仁野と堀川は夕食のためにレストランへ向かう途中、遠くに座る松田の姿を見つけた。松田も仁野を見ていたが、近づいてくることはなく、手だけ軽く振って挨拶をした。
堀川は彼の視線の先を覗き込み、訊いた。「あの午後の小さな医者か?」
仁野はその呼び方があまり好きではなかったが、口にはせず、「そうだ」と答えた。
堀川は笑って提案した。「一緒に座るか?」
松田の座っているのは六人掛けのテーブルだったが、すでに三人だけが座っていた。残りの二人の女性は向かい合って座っており、松田はそのうちの一人の隣に座っていた。
仁野は迷うことなくトレーを手に取り、松田の元へ向かい、堀川も慌ててついて行った。
トレーを置くと、二人の女性は顔を上げ、彼らを一目見た。二人の顔がはっきり見えると、表情がぱっと生き生きとして、長い巻き髪の女性は思わず髪を耳の後ろにかけた。
堀川は笑顔で言った。「やあ、また会ったね。」
松田は小さな声で答えた。「こんにちは。」
二人の女性はそこで初めて認識し、松田に尋ねた。「同じ学校の友達?」
松田は説明した。「同じ学校です。彼らは体育院で、試合に来ているんです。」
仁野と堀川は向かい合って座り、仁野は松田の右手側に腰を下ろし、横顔を向けて訊いた。「そんなに少ししか食べないの?」
松田は少し緊張して箸を噛み、「あまりお腹空いてないんです」と答えた。
堀川は仁野に訊いた。「夜、会場に行ってちょっと泳ぐか?」
仁野は頷いた。「いいよ。」
堀川はさらに松田に笑顔で訊いた。「一緒に行く?」
仁野も松田に視線を向けた。
松田は仁野の意図を掴みかね、少し考えてから断った。「いいです、やめときます。」
仁野は言った。「時間があれば、一緒に来てもいいよ。」
松田は許可をもらったかのように、少し嬉しそうに目を細め、「じゃあ、行きましょう」と答えた。

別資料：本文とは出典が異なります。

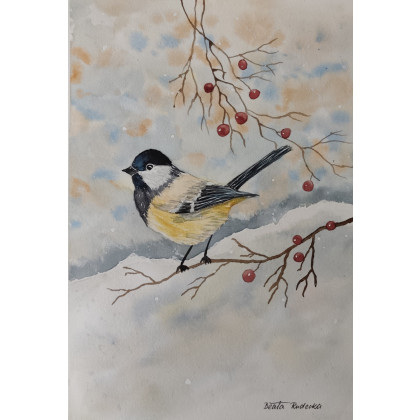 Beata Rudecka - obrazy akwarela - Akwarela Akwarelka Obraz pt: Sikorka foto #2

仁野は下を向きながら食事をしつつ言った。「プールから離れた場所に立っててね。」
堀川は首を傾げて訊いた。「どうしたの?泳げないの?」
仁野は答えた。「泳げない。」
堀川は、こういう大会のボランティアなら少しは水泳に興味があるだろうと思っていたが、まさかの「水嫌い」に驚いた。彼は身を乗り出し、松田に興奮気味に言った。「習う?無料で教えるよ。」
松田は水が苦手なので首を横に振った。
仁野は一瞥しただけで、何も言わなかった。堀川も何も言わず、肩をすくめて少し残念そうだった。
松田の部屋は一階上にあり、五人は一緒にエレベーターに乗った。仁野の階で堀川が降り、仁野はそのまま残った。堀川は手をエレベーターのドアにかけ、「どうした?」と尋ねた。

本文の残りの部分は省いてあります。